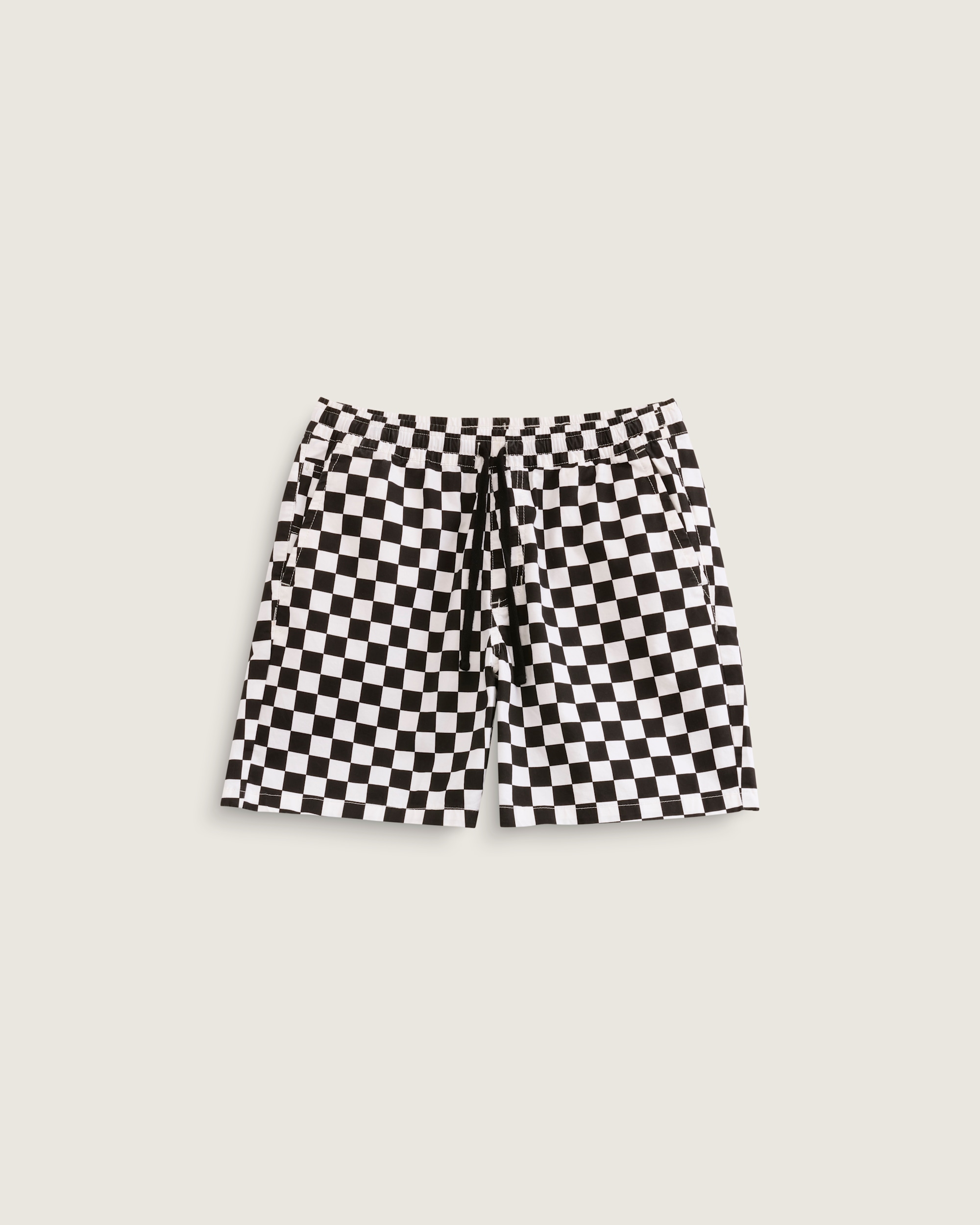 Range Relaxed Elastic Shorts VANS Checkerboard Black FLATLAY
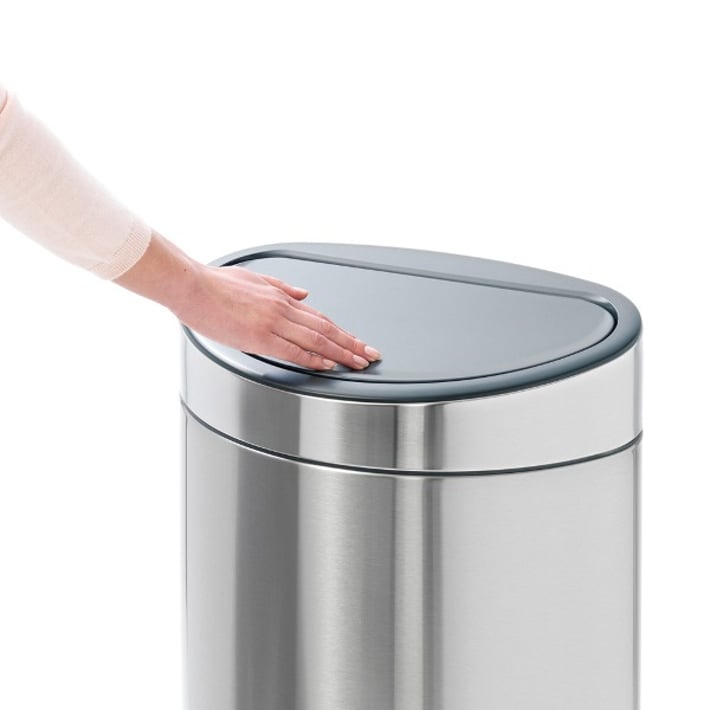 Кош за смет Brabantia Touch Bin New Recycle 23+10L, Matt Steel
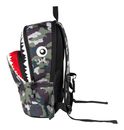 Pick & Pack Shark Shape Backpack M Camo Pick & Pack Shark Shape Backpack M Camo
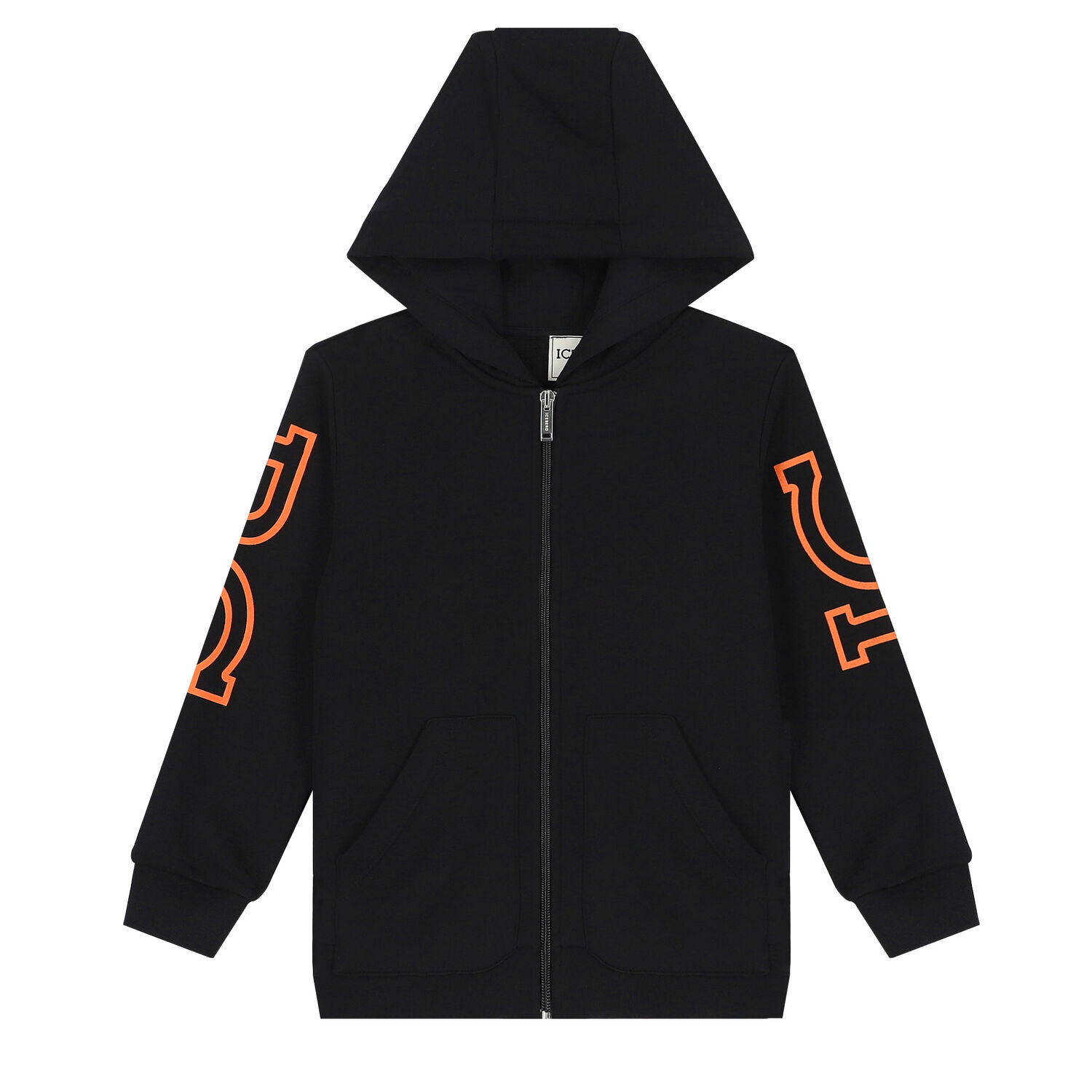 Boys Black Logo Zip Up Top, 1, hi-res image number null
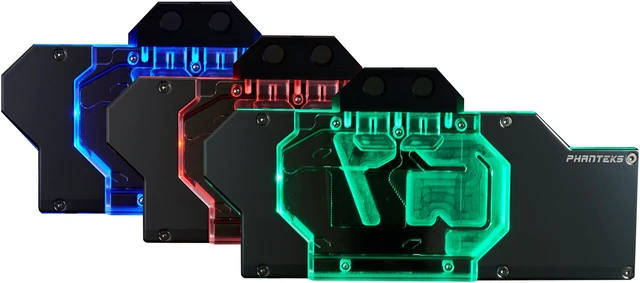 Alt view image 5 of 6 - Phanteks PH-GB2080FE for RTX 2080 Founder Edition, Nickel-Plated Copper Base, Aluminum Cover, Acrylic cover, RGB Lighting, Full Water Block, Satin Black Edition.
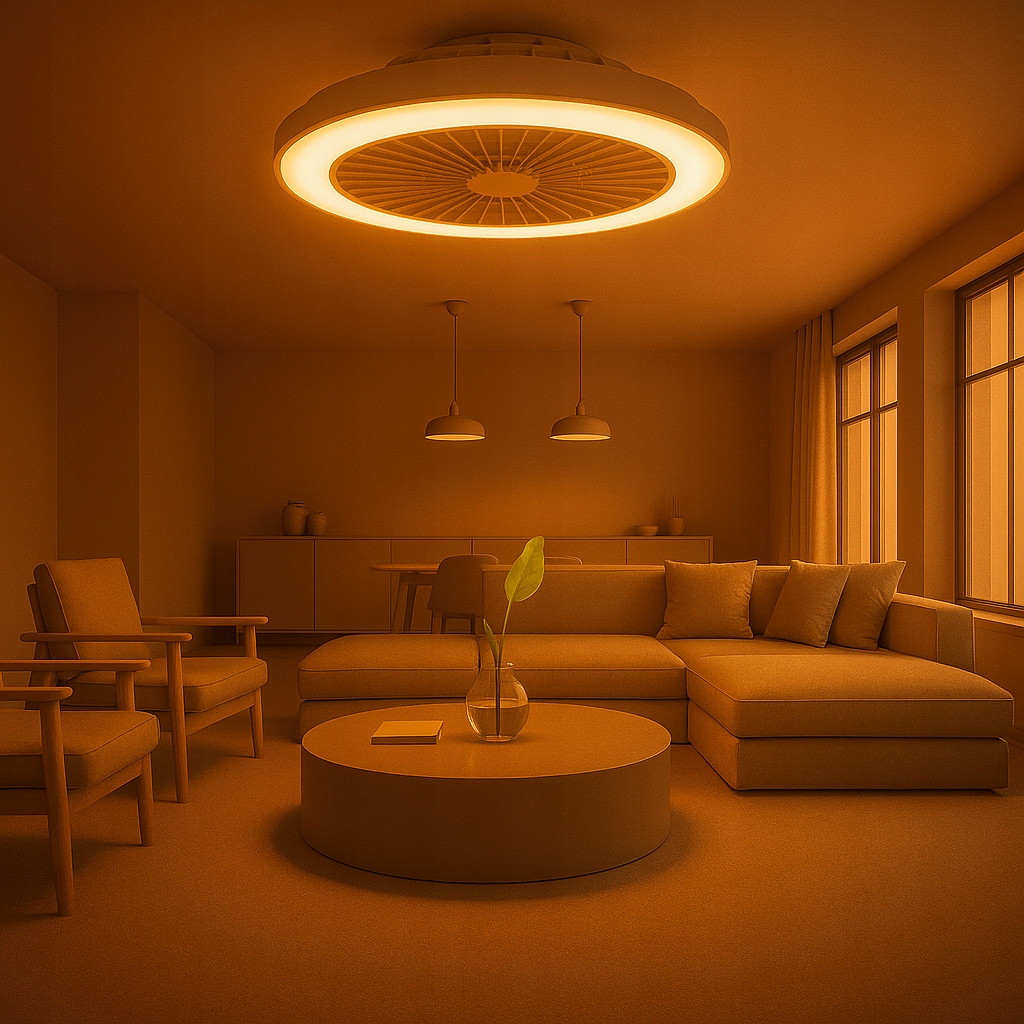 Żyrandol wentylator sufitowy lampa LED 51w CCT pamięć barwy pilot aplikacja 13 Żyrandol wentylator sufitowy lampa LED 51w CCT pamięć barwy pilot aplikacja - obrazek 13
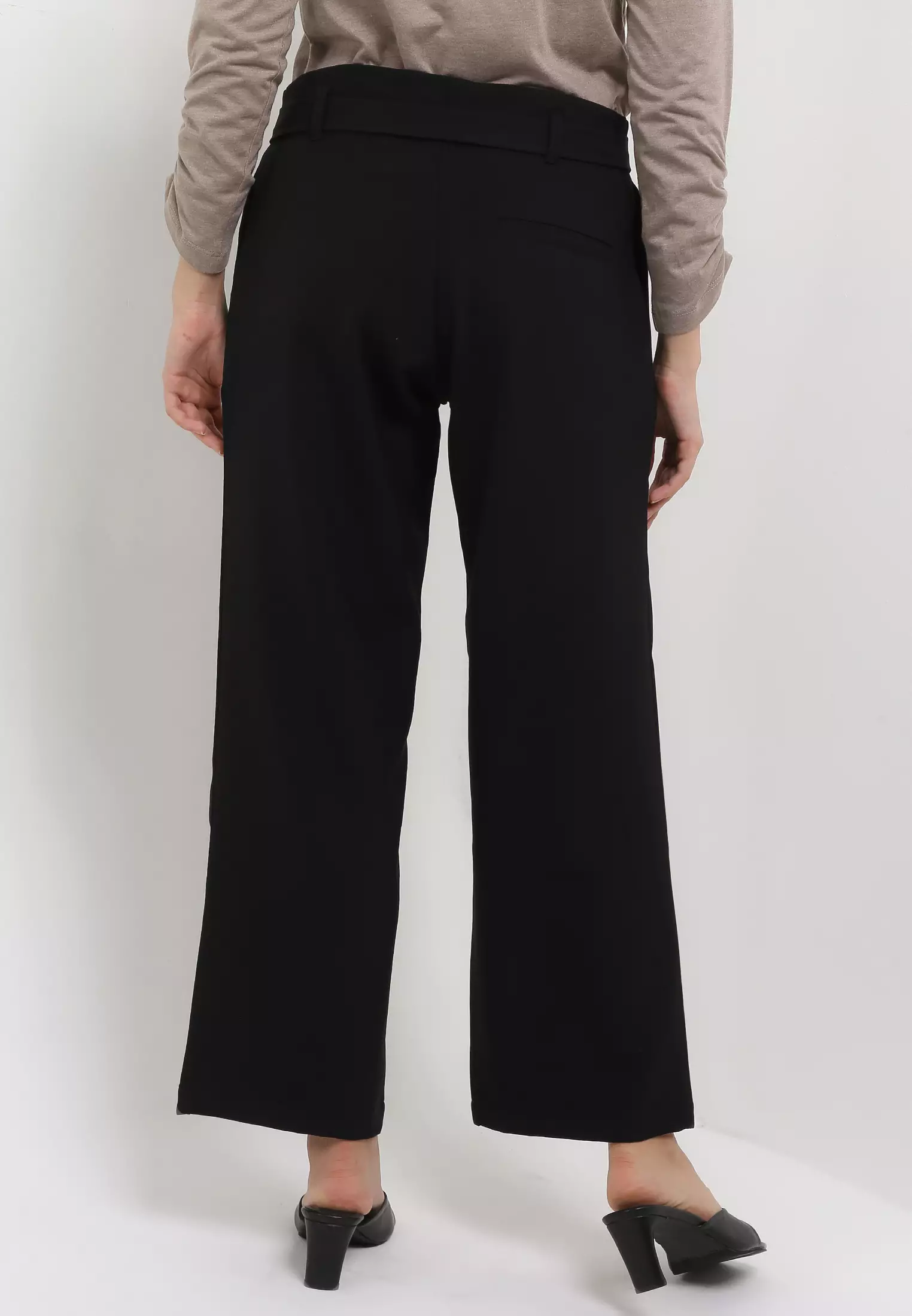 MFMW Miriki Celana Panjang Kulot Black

======

# [What to work on]
Leave the images out and transcribe the rest of the material exactly.

# [Answer below]
 Range Relaxed Elastic Shorts VANS Checkerboard Black FLATLAY
 Кош за смет Brabantia Touch Bin New Recycle 23+10L, Matt Steel
 Pick & Pack Shark Shape Backpack M Camo Pick & Pack Shark Shape Backpack M Camo
 Boys Black Logo Zip Up Top, 1, hi-res image number null
 Alt view image 5 of 6 - Phanteks PH-GB2080FE for RTX 2080 Founder Edition, Nickel-Plated Copper Base, Aluminum Cover, Acrylic cover, RGB Lighting, Full Water Block, Satin Black Edition.
 Żyrandol wentylator sufitowy lampa LED 51w CCT pamięć barwy pilot aplikacja 13 Żyrandol wentylator sufitowy lampa LED 51w CCT pamięć barwy pilot aplikacja - obrazek 13
 MFMW Miriki Celana Panjang Kulot Black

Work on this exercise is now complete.